Working with a buddy is good for guilt, too. When I’m staring out the window and she’s typing like mad, I begin to feel like a slacker. So I start typing again, typing anything just so I don’t look lazy. We both gain ground on the number of words we have behind us. And that’s good. It doesn’t make it easier, but then, dreams are never easy.

We’ve both wanted to write since we were young. And here we are, doing it. People say to us, “Oh you are so lucky to be living your dream. I wish I could.” And yes, we are lucky, and we both know it. But we both know it doesn’t come without risk, disappointment and work. And it’s not always glamorous. In fact, it’s rarely glamorous.

Living your dream in the arts–writing, dancing, singing, painting or making jewelry–is mostly work like any other. Worse, it’s self-directed work that most people really don’t understand. They think you’d do much better to have a “real” job. Other people think, “Well, it’s easy for you.” But it isn’t. It’s hard, it’s lonely, it’s fraught with frustration and failure. (Devon has six pounds of rejections collected over the course of 15 years. Six pounds! Yes, she weighed them.) And just about the time you find success, the market changes, the popular style changes, you face an injury, you have a family upheaval that leaves you shaking and scarred. In fact, in genre fiction, Devon tells me, most writers confront the complete blow up of their career an average of three times. Three times! This is glamorous?

But living a dream has its moments. I always get a rush when I propose an idea that I love and that a publisher loves enough to say yes. I know when Devon got the call about her first book contract, she took time to savor the moment, looking back at all the hard work behind her, and being smart enough to see all the hard work ahead.

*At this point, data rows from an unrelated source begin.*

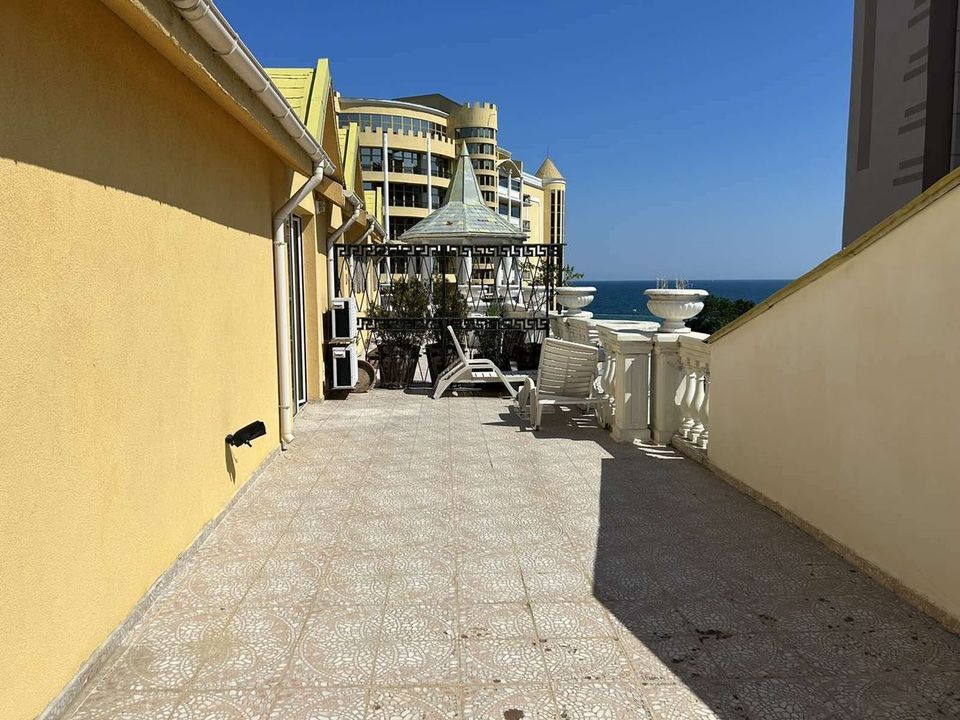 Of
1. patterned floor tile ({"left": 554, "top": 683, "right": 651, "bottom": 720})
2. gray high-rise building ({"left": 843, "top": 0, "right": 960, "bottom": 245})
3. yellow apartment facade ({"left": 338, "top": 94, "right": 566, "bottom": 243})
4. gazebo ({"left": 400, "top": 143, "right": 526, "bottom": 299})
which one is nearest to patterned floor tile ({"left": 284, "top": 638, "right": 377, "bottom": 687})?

For artists, the dream moment comes in the piece that comes out of your hands singing. It’s the first big sale, the call from a gallery, workshop organizer, book publisher, magazine, museum, or collector. Those moments–few and far between– make it worthwhile. Not easier, just worthwhile.

If your dream is to make jewelry, don’t say, “I don’t have time. I have to make a living. I have a family. Seattle metalsmith Micki Lippe made jewelry after her kids were in bed and on Saturday mornings before they were up and around. Andy Cooperman put in time at a repair bench. Other jewelry artists teach at universities, offer workshops, write, or work day jobs–inside or outside of the jewelry industry. Some have seen their collectors age and disappear. Others suffer in a faltering economy. Many have to reinvent themselves to go on. But go on they do. Only they know how often they wanted to bite the walls or just quit. To the outside world, they look glamorous.

I once read a short children’s story that ended with the moral: “All the miles of a hard road are worth a moment of true happiness.” Living your dream gives you those moments. They are rich and wonderful and worth the journey. Perhaps they are richer and more wonderful because they are rare.

If you want to make jewelry as a living, make time for it. Learn your craft. Persist. If you’re making jewelry as a living now, and see your market changing or drying up, please don’t quit. Learn to weather the storms. Be open to change. The world needs you.